Most likely, you want to extend datapumps.Group
class (example is written in CoffeeScript):
{ Group, mixin: { MysqlMixin } } = require 'datapumps'
class Notifier extends Group
constructor: ->
super()
@addPump 'emailLookup'
.mixin MysqlMixin connection
.process (data) ->
@query('SELECT email FROM user where username = ?', [ data.username ])
.then (result) =>
data.emailAddress = result.email
@buffer().writeAsync data
@addPump 'sendMail'
.from @pump 'emailLookup'
.process (data) ->
... # send email to data.emailAddress
@buffer().writeAsync
recipient:
name: data.name
email: data.emailAddress
@setInputPump 'emailLookup'
@expose 'output', 'sendMail/output'
The Notifier
will behave like pump, but in the inside, it does an email address lookup using
mysql, and sends mail to those addresses. The output buffer of sendMail
pump is filled with
recipient data.
Use the created class like this:
etlProcess = datapumps.group()
etlProcess
.addPump 'notifier', new Notifier
.from <node stream or datapumps buffer>
etlProcess
.addPump 'logger'
.from etlProcess.pump('notifier').buffer()
.process (data) ->
console.log "Email sent to #{data.name} (#{data.email})"
Please note that you cannot use .process
method on a group.
Error handling
Errors may occur while data is transferred between systems. Most of the time, you don't want to stop
on the first error but complete the transfer and re-run after fixing problems. Therefore
the pump group has an error buffer (.errorBuffer()
) which can hold ten error messages by default.

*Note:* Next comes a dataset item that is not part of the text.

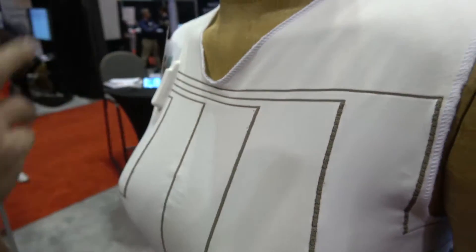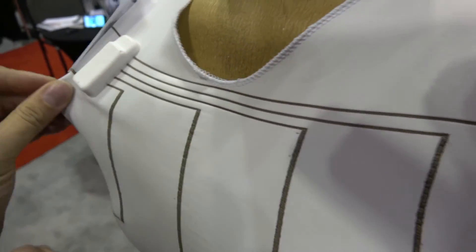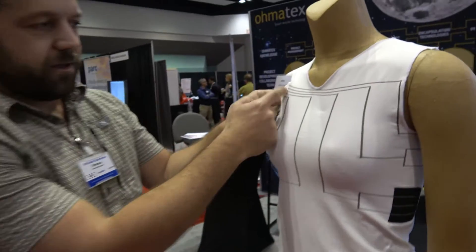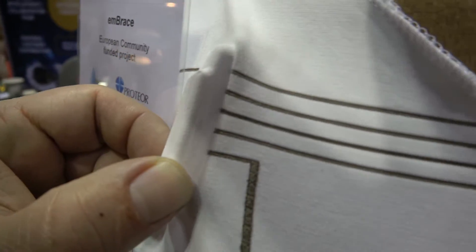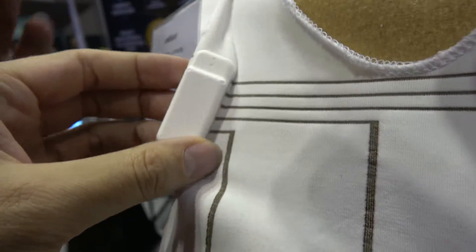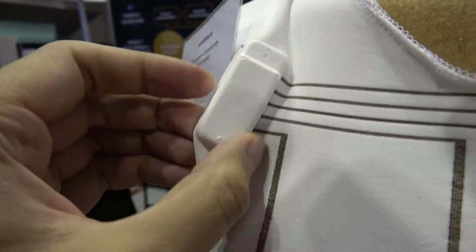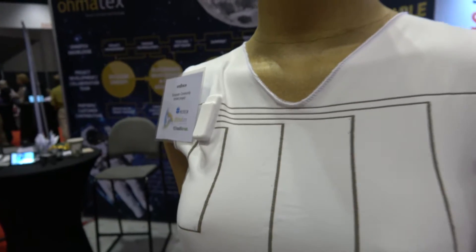Then you cut out for the arms and neck and mold on the electronics. Is this reliable? Are good measurements coming out of this? It is for sure — the electronics are molded directly onto the conductive yarns. It's charged wirelessly. It's a PCB with a Bluetooth module, a battery, and a wireless charging system, and it communicates over Bluetooth.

When the error buffer fills up, error
event is triggered and .whenFinised()
promise is rejected:
group
.start()
.whenFinished()
.then(function() {
if (!group.errorBuffer().isEmpty()) {
console.log("Transfer finished, but with errors.");
// errors list will be at group.errorBuffer().getContent()
}
})
.catch(function() {
console.log("Pump group failed with errors");
// errors list will be at group.errorBuffer().getContent()
});
You can use the .logErrorsToConsole()
helper method will configure the pump or group to print
errors when processing finished:
group
.logErrorsToConsole()
.start();
You can use the .logErrorsToLogger()
helper method will configure the pump or group to print
errors to a logger when processing finished:
group
.logErrorsToLogger(logger)
.start();
This is useful for running the ETL on a server. The logger can be any logging method that contains
an .error()
method such as Winston, Log4js, etc.
Debugging
The following example shows a fingers-crossed type logging, i.e. debug logging is turned on after the first error occured:
{ group } = require('datapumps')
(d = group())
.addPump 'test'
.from d.createBuffer
sealed: true,
content: [ 'first', 'second', 'third', 'fourth' ]
.process (data) ->
throw new Error 'Start debugging', data if data == 'second'
@copy data
d.errorBuffer().on 'write', (data) ->
console.log data
d.buffer('test/output').on 'write', (data) ->
console.log "#{data} was written to test/output buffer"
d.start()
The output:
{ message: [Error: Start debugging], pump: 'test' }
third was written to test/output buffer
fourth was written to test/output buffer
Mixins
The core components of datapumps is only responsible for passing data in a flow-controlled manner. The features required for import, export or transfer is provided by mixins:
- BatchMixin - Processes input in batches. Useful with MysqlMixin or other database writing mixins (batch insert can be much faster than inserting one by one).
- MergeMixin - Enables pump to read from multiple input buffers.
- ObjectTransformMixin - Common object transformation and validation methods
- CsvWriterMixin - Writes csv files using fast-csv package
- ExcelWriterMixin - Writes excel xlsx workbooks
- ExcelReaderMixin - Reads excel xlsx workbooks
- MysqlMixin - Queries and writes mysql databases
- PostgresqlMixin - Queries and writes postgresql databases
- MongodbMixin - Queries and writes mongodb
- RestMixin - Interact with REST services
When you implement new mixins, please fork datapumps and make a pull request.